La tragédie de Lac-Mégantic a fait le tour du monde en fin de semaine. L'ampleur du désastre au moment où l'actualité est particulièrement monotone n'explique pas tout: une constellation de villes et villages sont plantés au bord d'une voie ferrée. C'est ainsi que la symbiose est née: pas de ville, pas de train; pas de train, pas de ville.

C'est pourquoi aujourd'hui, à travers un continent où le transport ferroviaire de pétrole est en plein essor, des centaines de milliers de communautés se demandent si une telle catastrophe risque de survenir chez eux.

Tant de questions restent en suspens. Par exemple:

- Est-il sécuritaire d'abandonner un train sans surveillance?

L'événement s'est déroulé en l'absence du conducteur qui a mis les freins en laissant tourner le moteur, comme le veut la procédure. Est-il possible d'entrer dans la cabine d'une telle locomotive abandonnée? En 2010, deux locomotives ont déraillé à Farnham après que les freins aient été enlevés manuellement en l'absence du conducteur. Un employé interrogé par La Voix de l'Est avait soupçonné un méfait commis par «des jeunes». «On en pogne souvent à flâner dans la gare. Il arrive que des fois lorsqu'on rentre, l'aiguillage soit tourné dans la mauvaise direction. Ils ne sont pas conscients des risques. Les conséquences auraient pu être très graves.» Troublant.

- Le système de freins de sécurité sur ce genre de convoi est-il suffisant?

Hier, la compagnie ferroviaire a laissé entendre que c'est l'arrêt du moteur de la locomotive (après le départ du conducteur) qui pourrait avoir causé une chute de pression d'air dans les freins. Comment le convoi a-t-il pu rouler sans conducteur sur une si longue distance? N'existe-t-il pas un système de déclenchement automatique des freins si le mouvement n'a pas été autorisé par le conducteur?

- Quelles seront les conséquences environnementales?

Le pétrole n'a pas été totalement récupéré et une certaine quantité s'est déversée dans la rivière Chaudière. Combien? On l'ignore. Les indices montrent que les hydrocarbures cheminent en aval de la rivière... vers des municipalités qui y puisent leur eau potable.

- Combien de wagons devrait compter un convoi de pétrole brut?

La vocation des chemins de fer a changé et on y voit passer de plus en plus de matières dangereuses, dont du pétrole. Si le train avait transporté des passagers, le bilan humain aurait été lourd, mais le déraillement n'aurait pas causé autant de dévastation. Est-il sécuritaire de faire circuler un convoi constitué de 72 wagons-citernes de pétrole (ou de toute autre matière dangereuse inflammable) sur un chemin de fer comme celui qui passe à Lac-Mégantic?

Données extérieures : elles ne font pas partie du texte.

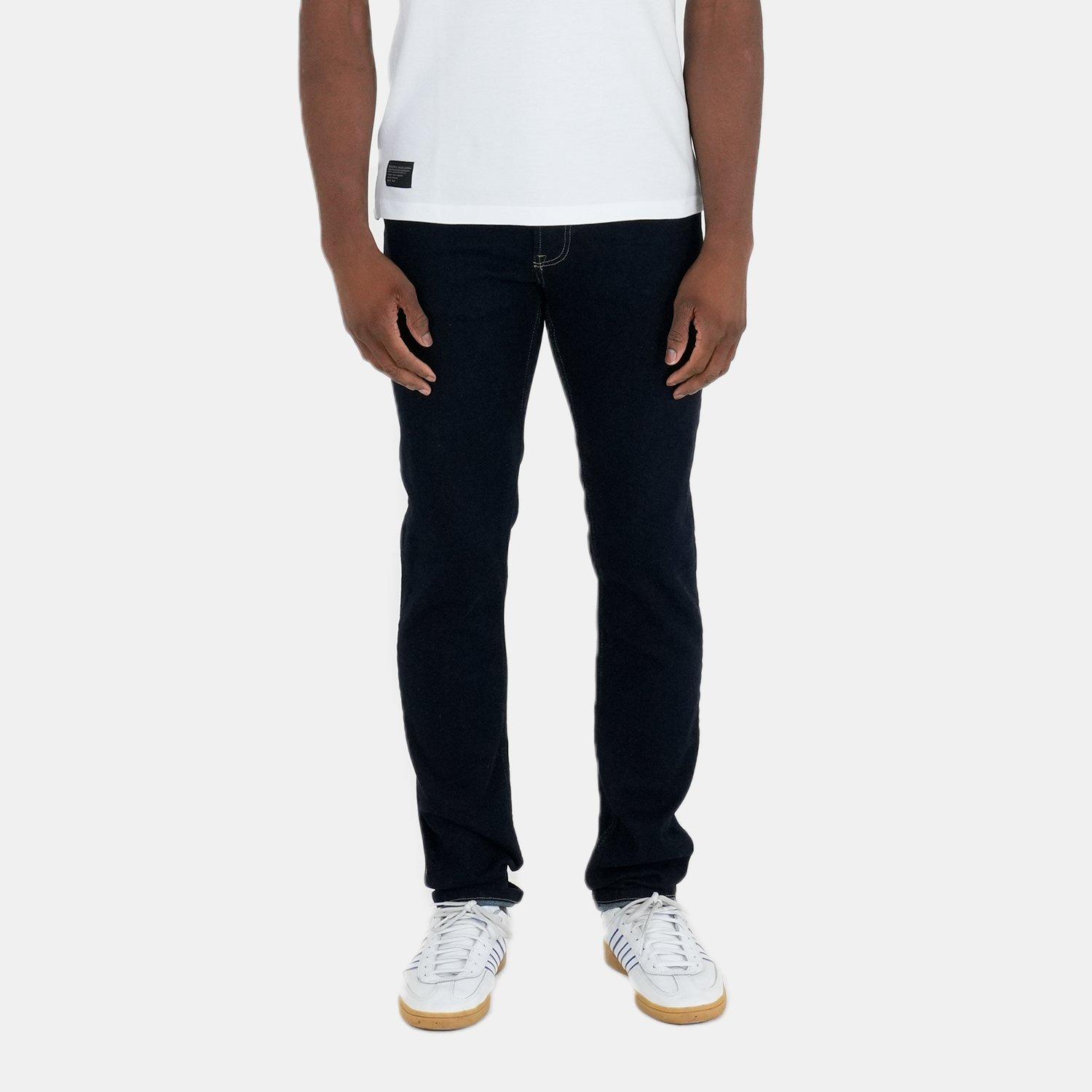 Rinse Wash - Peaceful Hooligan - PH Regular Fit Jeans - 1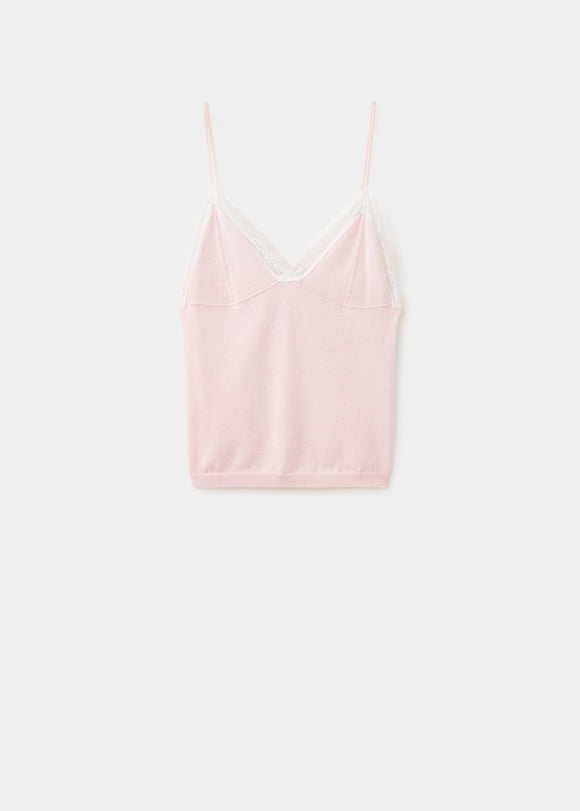 MANGO CAMELIA 37074086-81 MANGO WOMEN TOP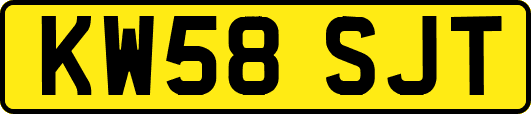 KW58SJT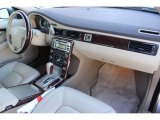 2009 Volvo S80 T6 AWD Dashboard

La tragédie de Lac-Mégantic va au-delà de l'accident causé par une erreur humaine, de la négligence ou un bris mécanique. Ce ne sont pas seulement les Mégantiçois qui veulent savoir pourquoi le coeur de leur ville s'est évaporé dans une nuit d'été, mais tous ceux, d'un bout à l'autre du continent, qui ne veulent pas vivre le même cauchemar. 

Au nom de tous ceux qui vivent près d'une voie ferrée, nous avons droit à des réponses.